### Required action
Please keep the images out and set down the data exactly as given.

### Records
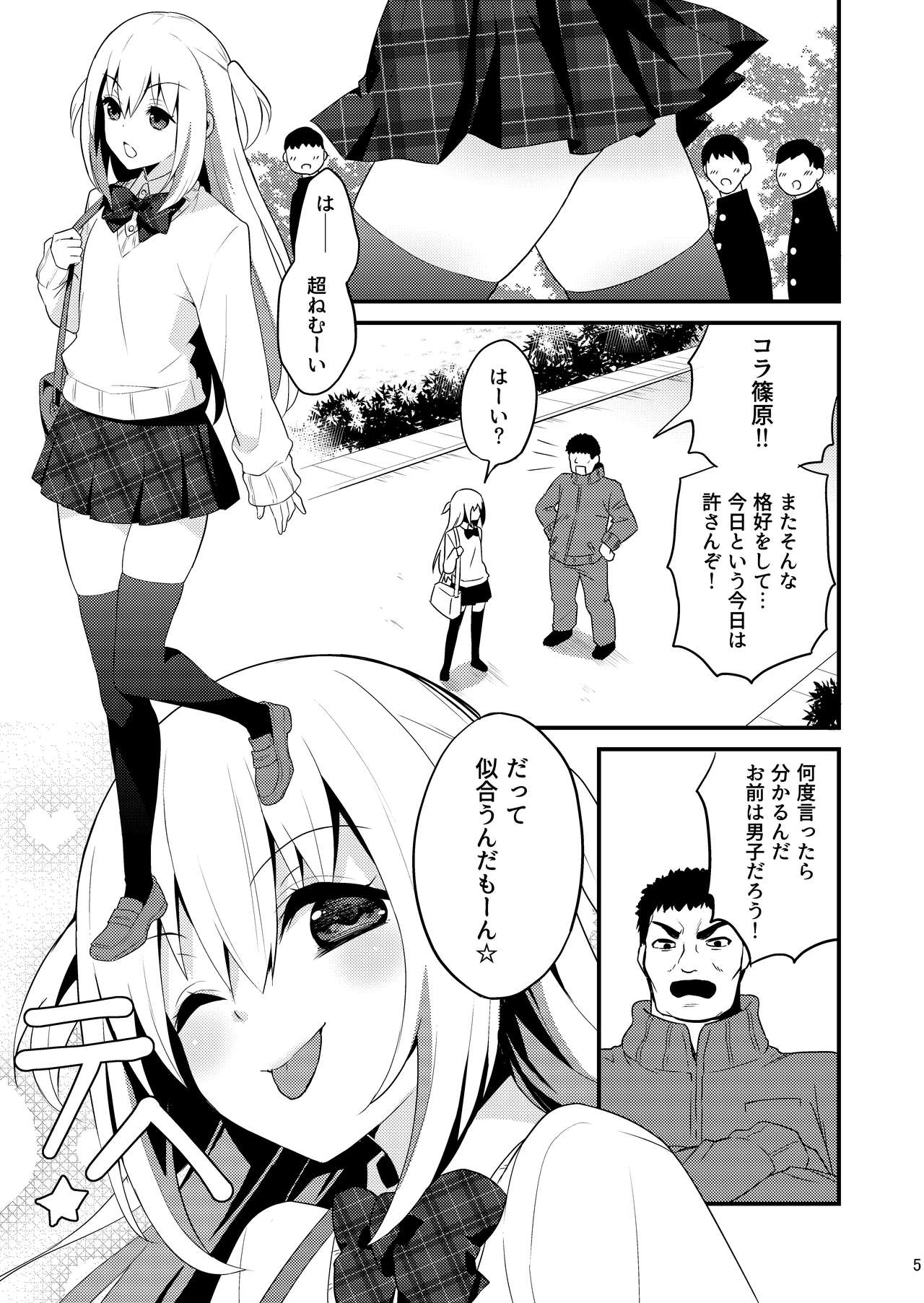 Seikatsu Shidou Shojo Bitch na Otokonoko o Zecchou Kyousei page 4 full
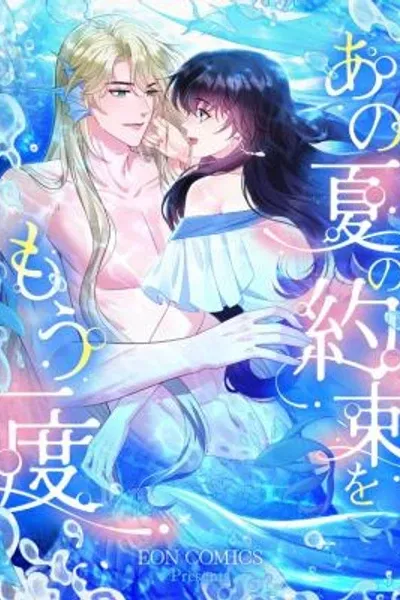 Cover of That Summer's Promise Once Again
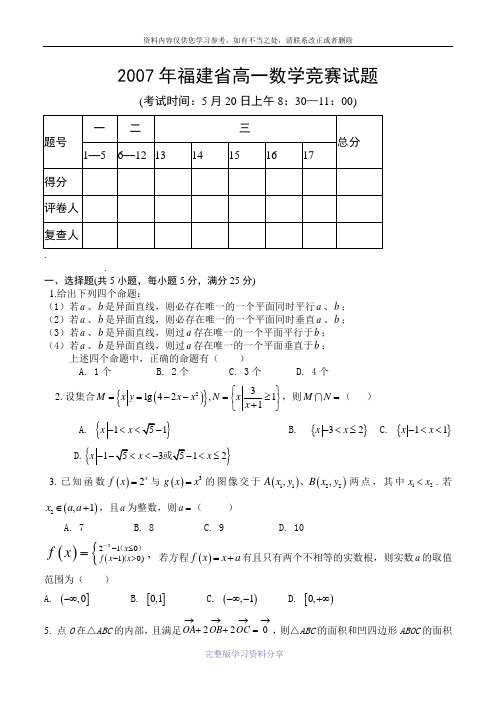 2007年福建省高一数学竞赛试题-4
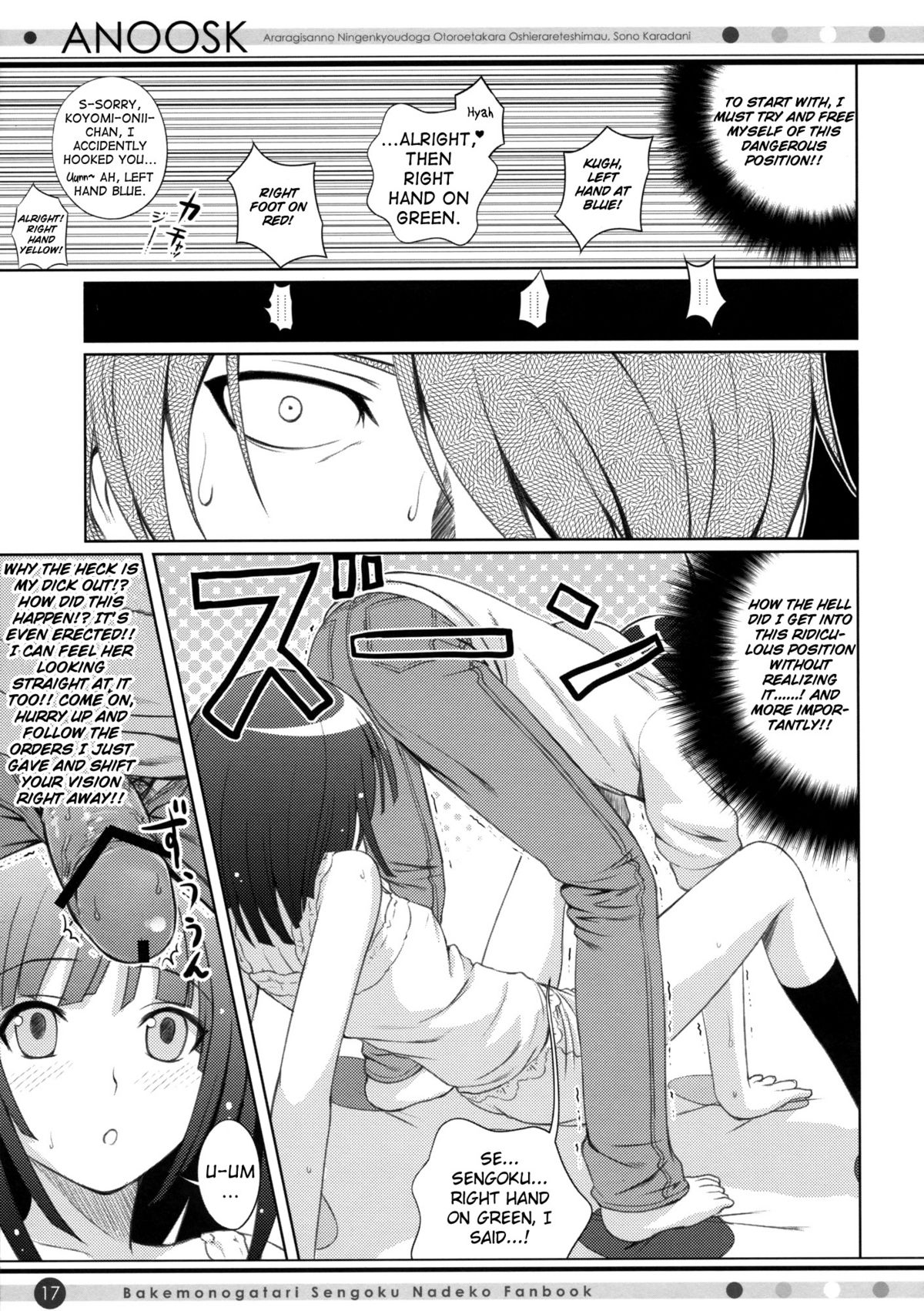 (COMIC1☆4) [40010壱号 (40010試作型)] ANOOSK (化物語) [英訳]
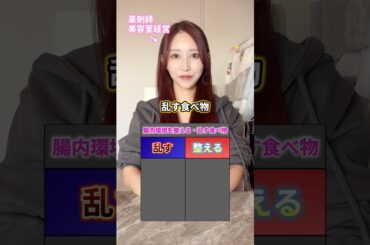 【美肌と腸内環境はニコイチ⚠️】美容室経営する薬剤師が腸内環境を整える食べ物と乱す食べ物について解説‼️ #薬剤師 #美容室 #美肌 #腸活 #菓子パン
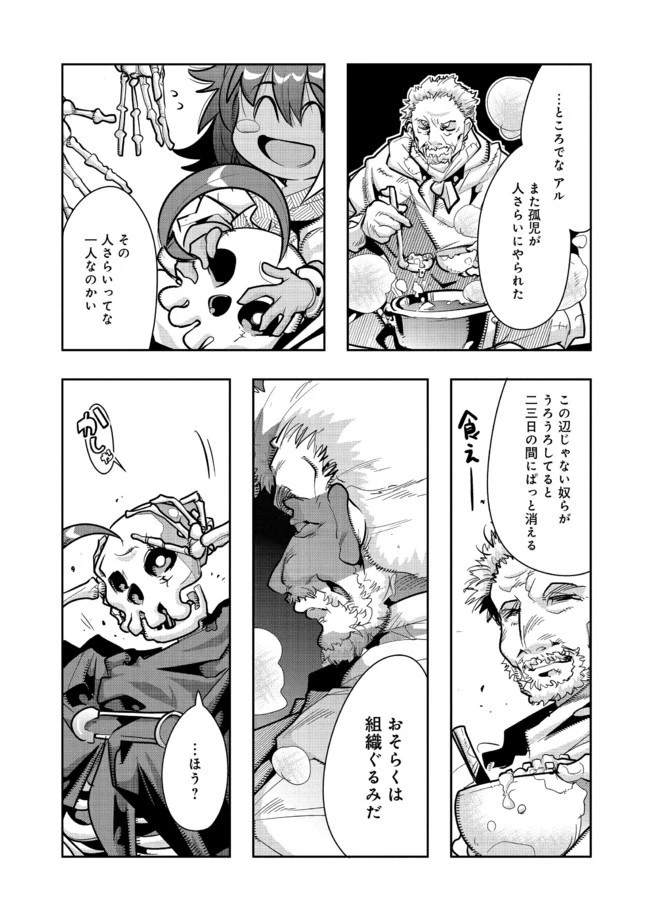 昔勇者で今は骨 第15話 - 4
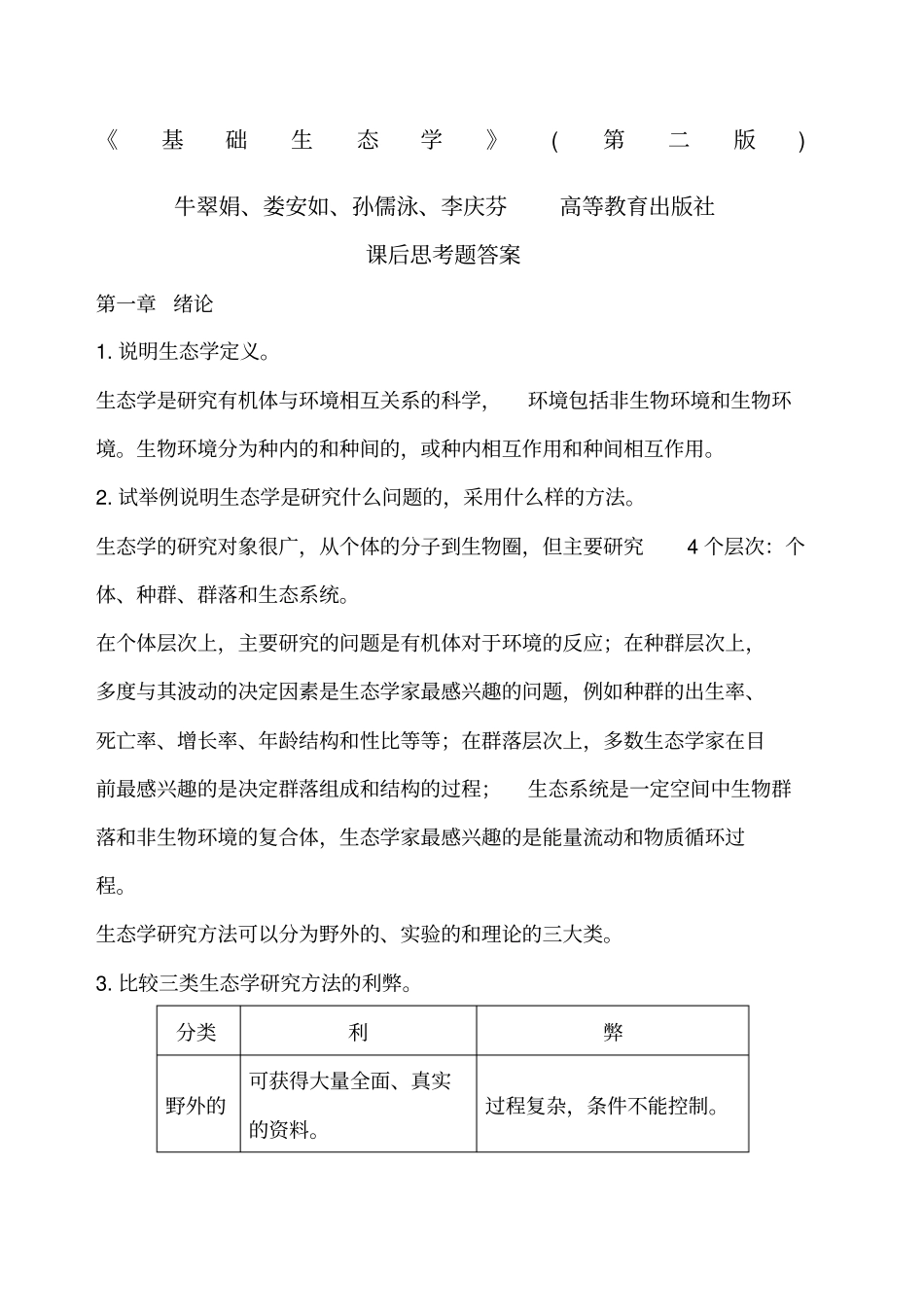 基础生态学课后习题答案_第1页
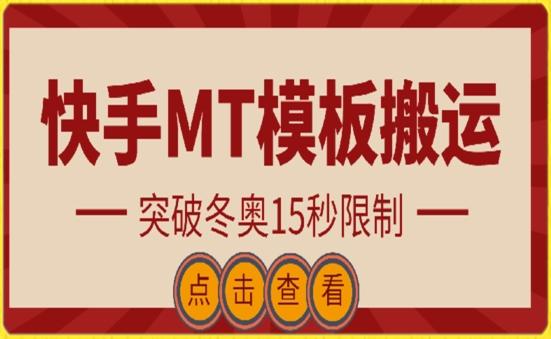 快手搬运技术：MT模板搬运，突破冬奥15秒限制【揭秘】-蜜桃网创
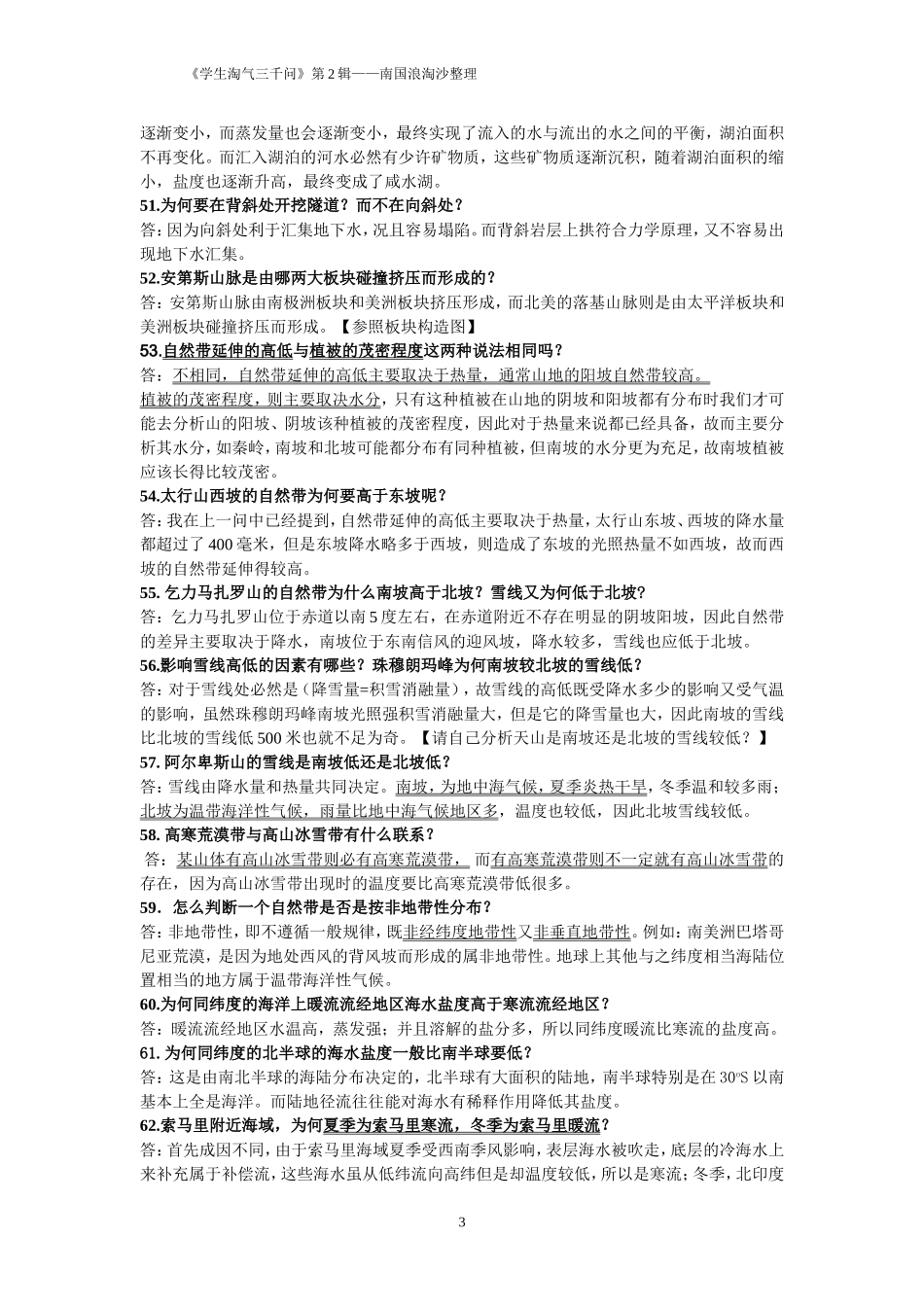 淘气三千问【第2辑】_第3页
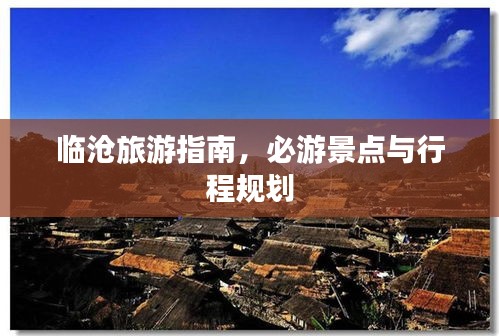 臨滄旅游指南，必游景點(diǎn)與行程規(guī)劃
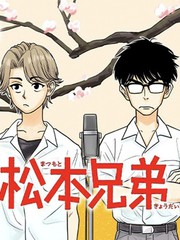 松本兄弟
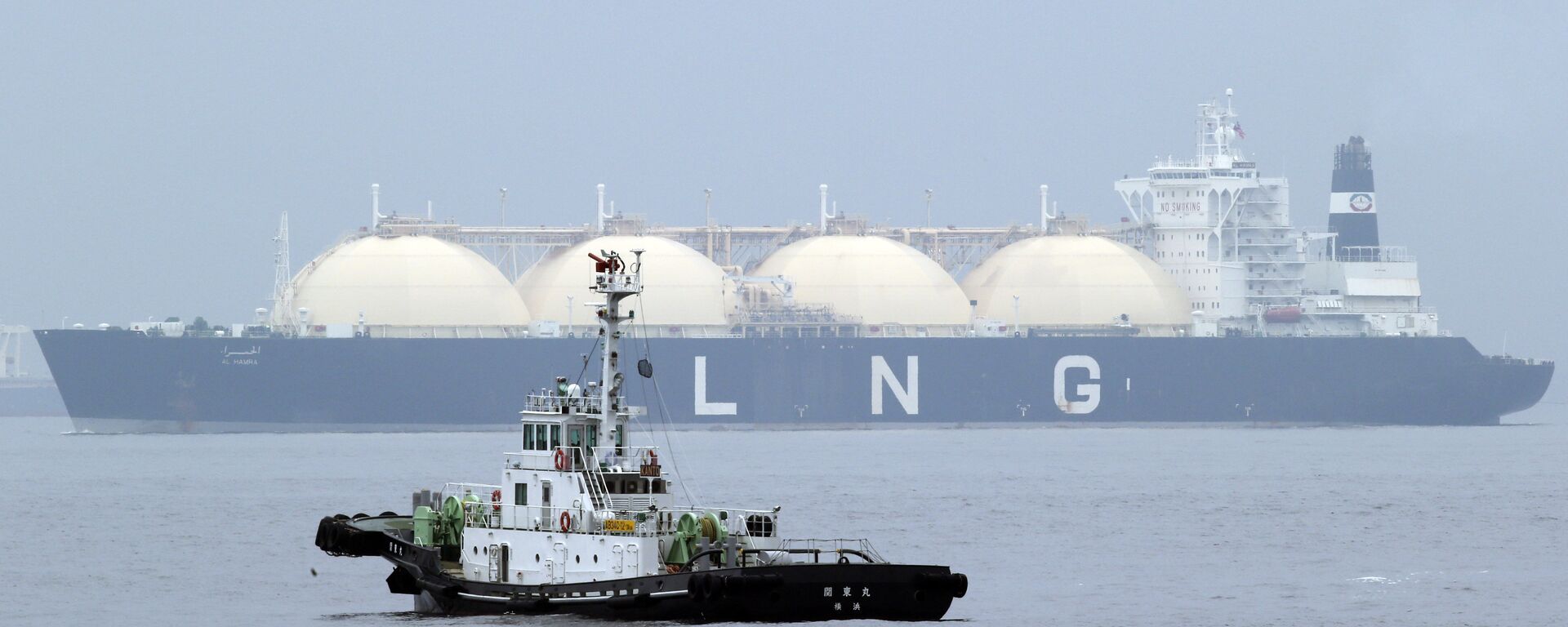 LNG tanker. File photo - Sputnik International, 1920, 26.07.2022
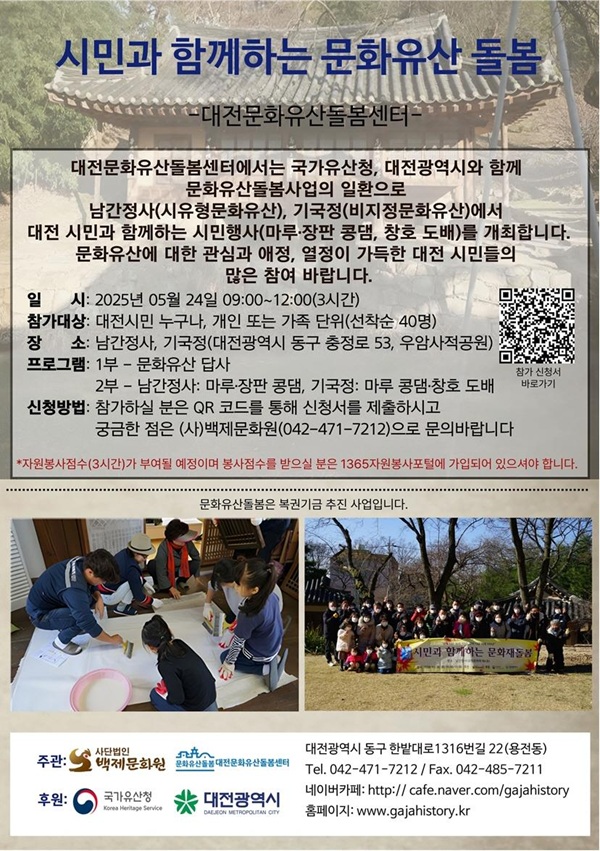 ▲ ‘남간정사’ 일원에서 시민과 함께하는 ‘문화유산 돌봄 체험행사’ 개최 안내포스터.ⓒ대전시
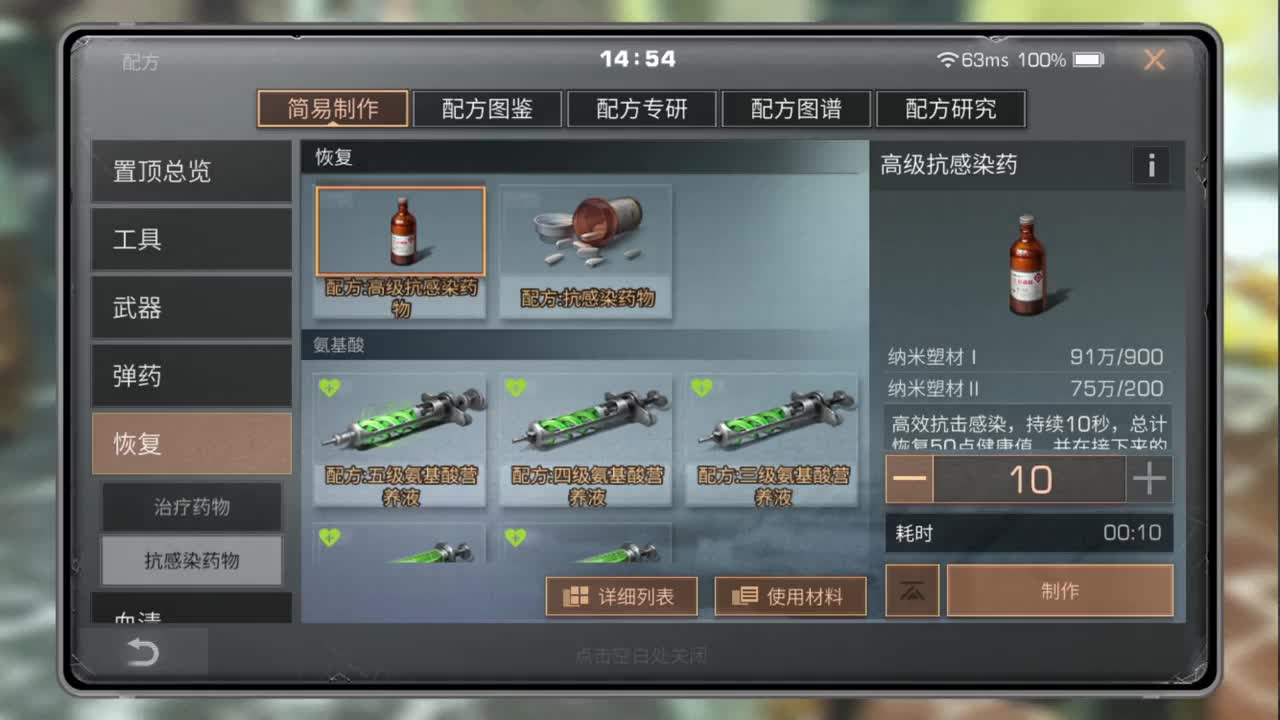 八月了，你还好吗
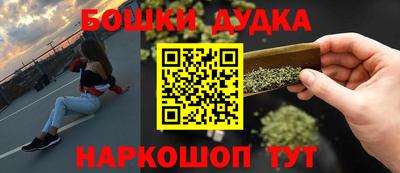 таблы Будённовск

### Exercise result
 Seikatsu Shidou Shojo Bitch na Otokonoko o Zecchou Kyousei page 4 full
 Cover of That Summer's Promise Once Again
 2007年福建省高一数学竞赛试题-4
 (COMIC1☆4) [40010壱号 (40010試作型)] ANOOSK (化物語) [英訳]
 【美肌と腸内環境はニコイチ⚠️】美容室経営する薬剤師が腸内環境を整える食べ物と乱す食べ物について解説‼️ #薬剤師 #美容室 #美肌 #腸活 #菓子パン
 昔勇者で今は骨 第15話 - 4
 基础生态学课后习题答案_第1页
 快手搬运技术：MT模板搬运，突破冬奥15秒限制【揭秘】-蜜桃网创
 淘气三千问【第2辑】_第3页
 臨滄旅游指南，必游景點(diǎn)與行程規(guī)劃
 松本兄弟
 LNG tanker. File photo - Sputnik International, 1920, 26.07.2022
 ▲ ‘남간정사’ 일원에서 시민과 함께하는 ‘문화유산 돌봄 체험행사’ 개최 안내포스터.ⓒ대전시
 八月了，你还好吗
 таблы Будённовск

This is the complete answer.